***** Records shown

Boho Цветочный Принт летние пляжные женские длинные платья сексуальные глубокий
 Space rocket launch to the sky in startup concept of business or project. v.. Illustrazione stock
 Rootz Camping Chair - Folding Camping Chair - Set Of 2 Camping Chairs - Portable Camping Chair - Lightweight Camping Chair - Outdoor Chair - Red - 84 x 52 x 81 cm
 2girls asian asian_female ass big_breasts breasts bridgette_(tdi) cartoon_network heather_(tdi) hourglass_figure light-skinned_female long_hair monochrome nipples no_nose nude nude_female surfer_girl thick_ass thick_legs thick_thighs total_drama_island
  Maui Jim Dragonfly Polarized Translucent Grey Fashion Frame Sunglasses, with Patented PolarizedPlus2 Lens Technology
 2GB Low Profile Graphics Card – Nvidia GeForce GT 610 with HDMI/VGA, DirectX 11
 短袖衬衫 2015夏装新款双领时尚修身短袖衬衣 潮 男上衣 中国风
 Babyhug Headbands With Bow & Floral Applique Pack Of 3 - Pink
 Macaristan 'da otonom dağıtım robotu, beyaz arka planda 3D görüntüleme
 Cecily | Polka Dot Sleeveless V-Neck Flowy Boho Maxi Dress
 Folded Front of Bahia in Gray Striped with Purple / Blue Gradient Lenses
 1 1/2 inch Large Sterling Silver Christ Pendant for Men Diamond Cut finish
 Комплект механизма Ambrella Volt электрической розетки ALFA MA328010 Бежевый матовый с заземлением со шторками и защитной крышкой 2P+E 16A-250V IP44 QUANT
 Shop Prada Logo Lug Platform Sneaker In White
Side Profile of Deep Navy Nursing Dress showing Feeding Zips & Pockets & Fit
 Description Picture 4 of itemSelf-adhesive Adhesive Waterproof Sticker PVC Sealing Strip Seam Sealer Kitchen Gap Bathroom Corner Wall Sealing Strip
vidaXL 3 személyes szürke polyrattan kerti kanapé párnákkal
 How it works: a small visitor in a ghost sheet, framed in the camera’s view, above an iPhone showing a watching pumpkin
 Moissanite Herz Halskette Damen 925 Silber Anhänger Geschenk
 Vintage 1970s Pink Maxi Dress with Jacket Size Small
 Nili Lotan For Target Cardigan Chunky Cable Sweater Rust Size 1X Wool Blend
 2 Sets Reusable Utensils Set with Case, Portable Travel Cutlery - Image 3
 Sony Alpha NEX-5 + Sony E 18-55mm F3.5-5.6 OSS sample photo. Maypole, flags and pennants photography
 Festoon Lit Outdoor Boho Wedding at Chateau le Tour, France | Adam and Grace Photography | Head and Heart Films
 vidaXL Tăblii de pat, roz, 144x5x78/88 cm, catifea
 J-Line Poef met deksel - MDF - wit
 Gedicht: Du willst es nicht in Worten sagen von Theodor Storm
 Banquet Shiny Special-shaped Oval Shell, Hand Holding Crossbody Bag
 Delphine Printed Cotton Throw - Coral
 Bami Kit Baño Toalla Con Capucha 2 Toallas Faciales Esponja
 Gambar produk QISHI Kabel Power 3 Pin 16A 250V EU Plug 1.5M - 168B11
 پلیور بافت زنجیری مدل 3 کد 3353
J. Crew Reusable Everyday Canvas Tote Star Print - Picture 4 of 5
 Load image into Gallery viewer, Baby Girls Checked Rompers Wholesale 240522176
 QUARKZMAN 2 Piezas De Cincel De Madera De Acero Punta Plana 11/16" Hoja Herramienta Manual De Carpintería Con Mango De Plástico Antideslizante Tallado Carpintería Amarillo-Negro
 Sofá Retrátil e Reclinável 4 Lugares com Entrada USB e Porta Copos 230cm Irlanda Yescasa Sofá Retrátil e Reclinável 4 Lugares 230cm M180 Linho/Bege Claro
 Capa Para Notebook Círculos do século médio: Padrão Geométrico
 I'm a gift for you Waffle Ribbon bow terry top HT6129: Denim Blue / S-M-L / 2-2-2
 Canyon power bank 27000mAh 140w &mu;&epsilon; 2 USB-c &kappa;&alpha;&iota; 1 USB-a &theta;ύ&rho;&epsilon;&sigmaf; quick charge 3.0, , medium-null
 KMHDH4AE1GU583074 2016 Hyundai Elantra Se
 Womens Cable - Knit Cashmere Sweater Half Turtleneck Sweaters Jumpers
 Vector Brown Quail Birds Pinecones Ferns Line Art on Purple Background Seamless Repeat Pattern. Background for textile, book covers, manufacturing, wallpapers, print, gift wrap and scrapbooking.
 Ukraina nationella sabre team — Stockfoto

**********

_Instructions to follow_. Only the lines from the one containing "Womens Cable - Knit" through the last line of the records above are to be reproduced, exactly and with both ends included.

_Written response_.
 Womens Cable - Knit Cashmere Sweater Half Turtleneck Sweaters Jumpers
 Vector Brown Quail Birds Pinecones Ferns Line Art on Purple Background Seamless Repeat Pattern. Background for textile, book covers, manufacturing, wallpapers, print, gift wrap and scrapbooking.
 Ukraina nationella sabre team — Stockfoto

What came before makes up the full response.